Wednesday, January 28, 2015

Great man theory of history: a counter example

One of the persistent ideas that shows up again and again in history (and even in debate about modern social construction) is the idea of the great man.  Somebody (like Napolean, for example), who can transform a nation or who enable a group to do exceedingly remarkable things.  The competing, albeit wildly unpopular, alternative is attributing these things to institutions.  In the era of anti-government mania, this isn't an overwhelmingly popular view. 

But one good example from history about how these two things worked together is Hannibal.  Rome was famous for good institutions and for people holding exceedingly temporary appointments (consul, for example, was a one year post but was the key post in Roman governance). 

Razib Khan has a nice discussion of these issues:
 As you may know Hannibal was the general who led the armies of Carthage in the Italian peninsula during the Second Punic War, to great effect. In fact, until the battle of Zama in North Africa, during the last phases of the war, Hannibal did not lose to a Roman army. And yet despite his record of victory in tactical engagements, he was strategically bested by the Romans and lost the war. Unsurprisingly if there is one figure who looms large in the narrative of The Fall of Carthage it is Hannibal. This is striking because almost all of what we know about these wars comes down to us thanks to the Romans, so our perceptions are coloured by their biases, and he was their great antagonist. And yet it is undeniable that Hannibal’s raw tactical genius won grudging admiration and respect from the Romans. He was a singular figure, with no equivalent among the Romans of his era, with all due apologies to Scipio Africanus.

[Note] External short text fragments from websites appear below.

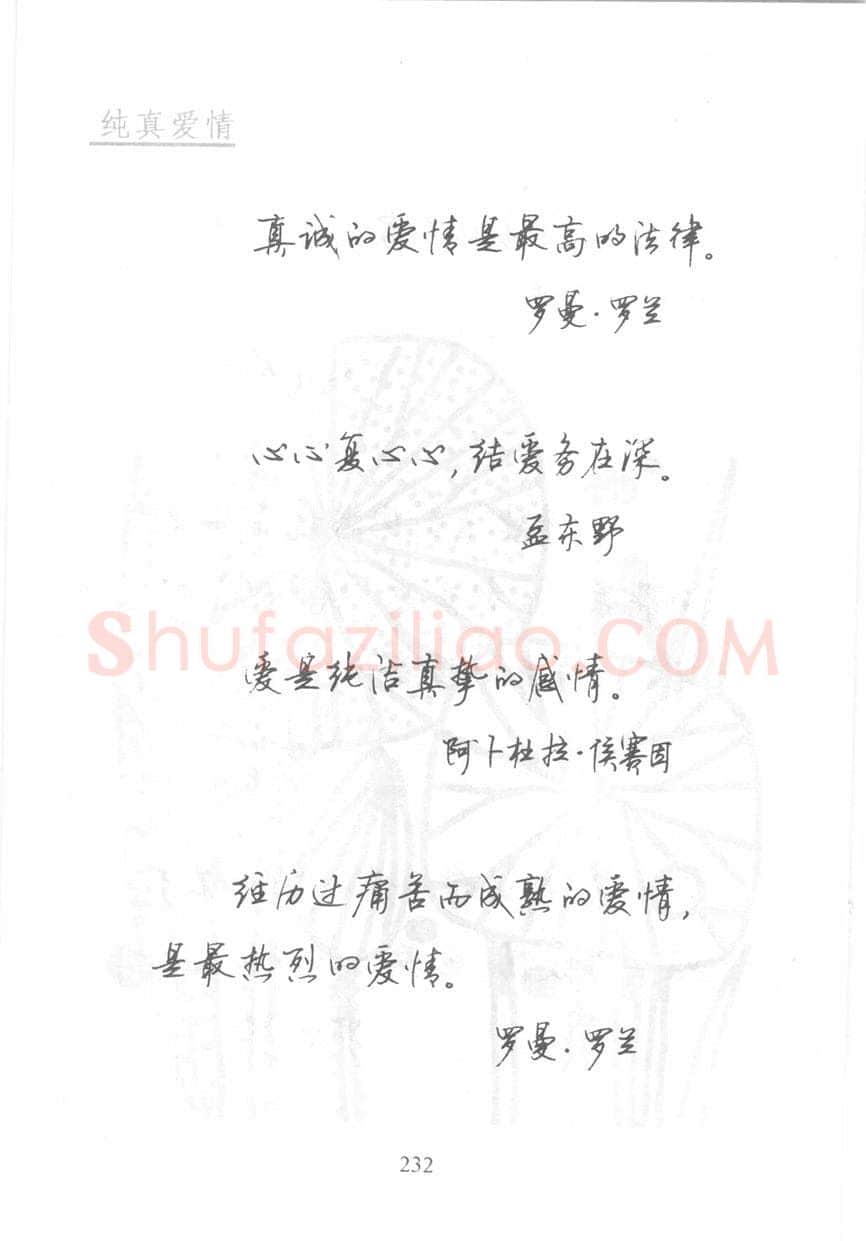 顾仲安硬笔行书字帖,摘自顾仲安《名人名言钢笔行书字帖》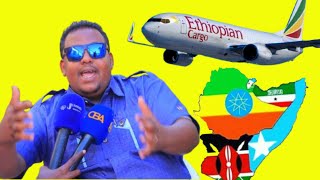 quotMaamulka Hawadu Waa Hantidii Somaliland ee Somalia Dhacdayquot  Garyaqaan Cabdiqani [upl. by Oiratno214]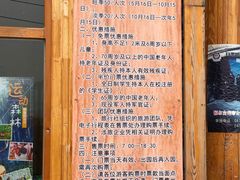 -哈乌尔河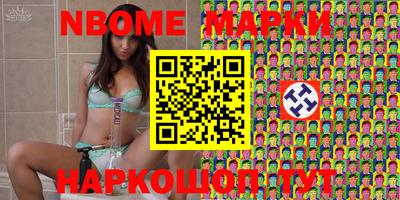 круглые Тверь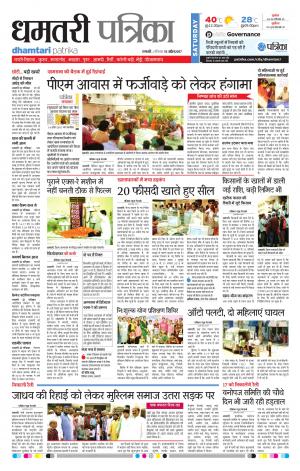 Dhamtari Patrika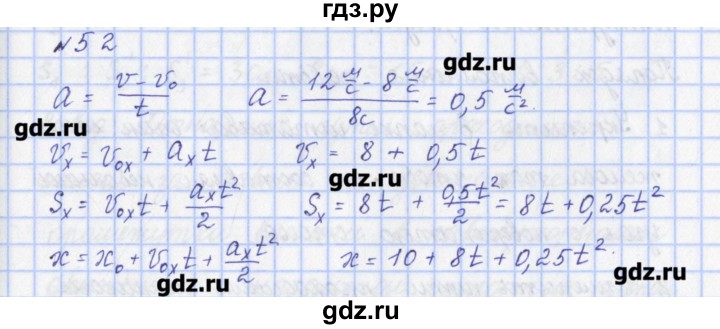ГДЗ по физике 9 класс Пурышева рабочая тетрадь  задание - 52, Решебник №1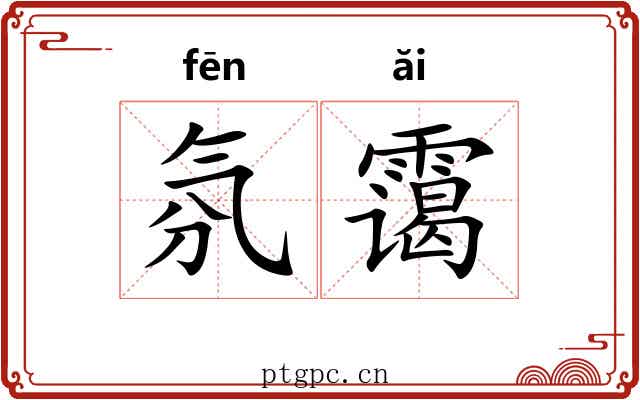 氛霭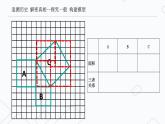 初中数学北师大版八年级上册第一章探索勾股定理说课课件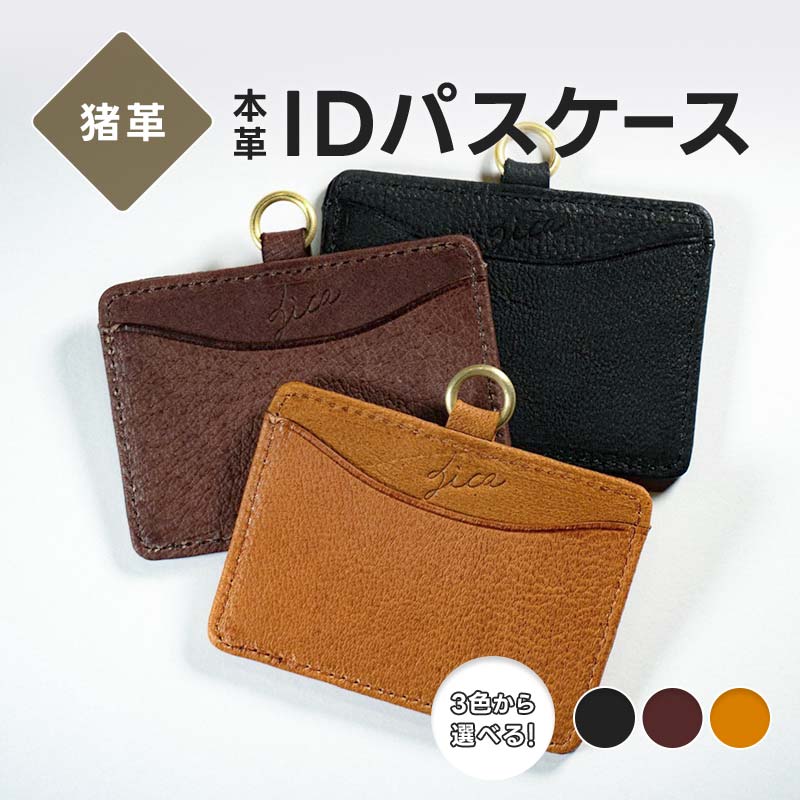 【ふるさと納税】【選べるカラー】猪革 IDパスケース 本革 レザー レザー ブラック ブラウン キャメル 福島県 西会津町 F4D-2232｜福島県西会津町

And yet Rome won, and Carthage lost.
This has a lot to do with modern theories of governance.  Should the emphasis be on inspiring leaders (like the current president) or on the institutions of the state (or corporation or university . . . ), if one wants to improve outcomes?  This is an important data point on the side of improving institutions.

[and, yes, it is always possible that the answer is both]

1 comment:

  1. Now we need a follow-up post on leaders like Frederick the Great whose successes owed as much to their institutional reforms as to their tactical brilliance.